Geovany Soto hit the game-winning homer on Monday and smacked a big three-run blast in the eighth inning Tuesday to start the comeback. Adrian Beltre singled in a run in the ninth off Ernesto Frieri, who suffered a second consecutive blown save.

"This is the most frustrating moment of my career. I never went through this. I don't know what to do," Frieri said. "We're very frustrated."

Beltre went 3-for-5 with a pair of RBI for the Rangers, who won back-to-back games for the first time since taking three straight from July 7-9.

Josh Hamilton drove in four runs, Mike Trout went 4-for-4 with two walks, three runs scored and an RBI and Mark Trumbo and Collin Cowgill each homered in the loss.

The wild back-and-forth tilt featured 35 combined hits and saw the Angels take a seemingly comfortable 11-7 lead in the eighth, which was extended due to a failed rundown attempt.

Kole Calhoun scored on the mishap after opening the frame with a double, and the Angels later loaded the bases for Howie Kendrick, who came through with a two-out, two-run single -- the 1,000th hit of his career -- to right field.

Hamilton plated Trout with a base hit, but the Rangers began another rally thanks to Soto hammering a Dane De La Rosa offering into the left-field seats, cutting Texas' deficit to one,

Frieri issued a two-out walk to Ian Kinsler, who stole second and scored when Beltre's ground ball got under the glove of Tommy Field. Field was playing third base because the Angels took out starting third baseman Alberto Callaspo in the fifth inning after trading him to the Oakland Athletics.

Joe Nathan (2-1) stranded a pair in the 10th and earned the win after Daniel Stange (0-1) walked the first two batters in the 10th and served up Martin's game-winning homer down the left-field line.

Neither starter factored in the four-hour, 46-minute affair. C.J. Wilson, who was 7-1 with a 1.96 ERA over his previous eight starts, was shelled for six runs on 11 hits and two walks in four innings for the Angels, while Derek Holland yielded four runs on eight hits and a pair of walks over six frames.

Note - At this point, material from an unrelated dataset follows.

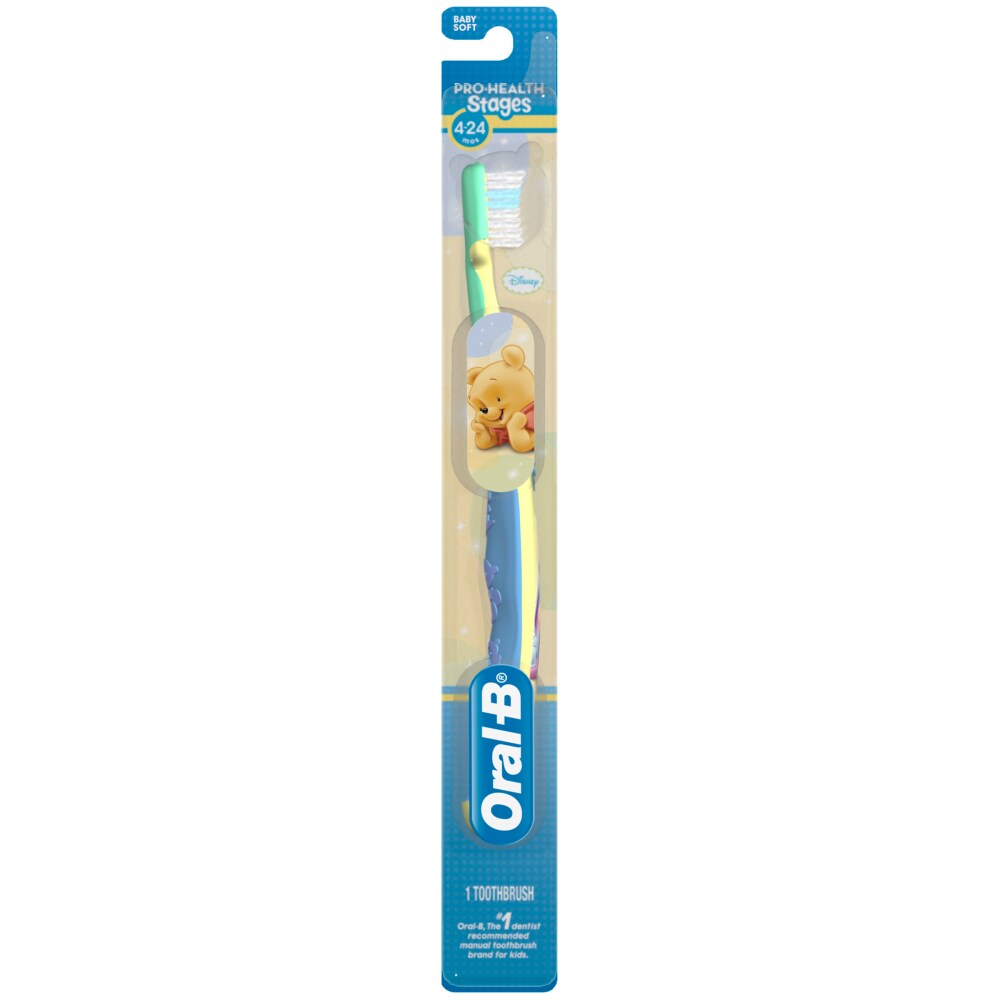 pooh toothbrush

Trumbo pounded a two-run shot to straightaway center for his 23rd homer of the year in the first inning, and the Rangers scraped across a pair in the bottom half when Kinsler blooped an RBI single in front of J.B. Shuck in left and scored when Nelson Cruz laced a base hit up the middle with two away.

Trout drove in Erick Aybar with a single in the third frame only to have Texas answer again in its half. A single, double and walk loaded the bases, and a wild pitch allowed Cruz to score. Craig Gentry followed with a two-out hit off the glove of Kendrick to bring in Jeff Baker and Soto, and the Rangers suddenly led 5-3.

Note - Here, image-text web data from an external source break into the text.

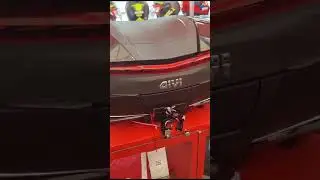 LAN&Ccedil;AMENTO GIVI Maxia5 V58NN 58L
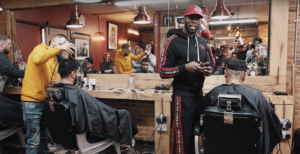 GRM Exclusive: RA & Ard Adz Go Head-To-Head In Hilarious 'In Da Cut' Episode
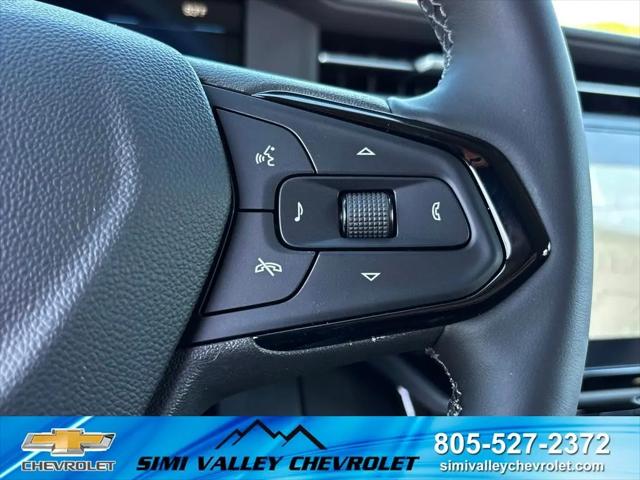 2027 Chevrolet Bolt RS FWD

Kinsler tripled into the left-field corner leading off the fourth and came home on Beltre's single to make it a three-run game.

Cowgill took Holland deep to left field leading off the fifth for his first home run in an Angels uniform, and the Angels regained the lead, 7-6, in the seventh when Hamilton stepped up with the bases loaded -- thanks to a single from Trout and a pair of two-out walks --- and stroked a double to center to clear the bags.

Game Notes

Trout has reached base in 10 straight plate appearances. He leads the AL with 42 multi-hit games ... Cruz left the game with a bruised left quad ... The Angels had been 41-2 when leading after eight innings entering the series ... Angels manager Mike Scioscia was ejected by first base umpire Jerry Layne after Soto was called safe on a close play at first base in the second inning.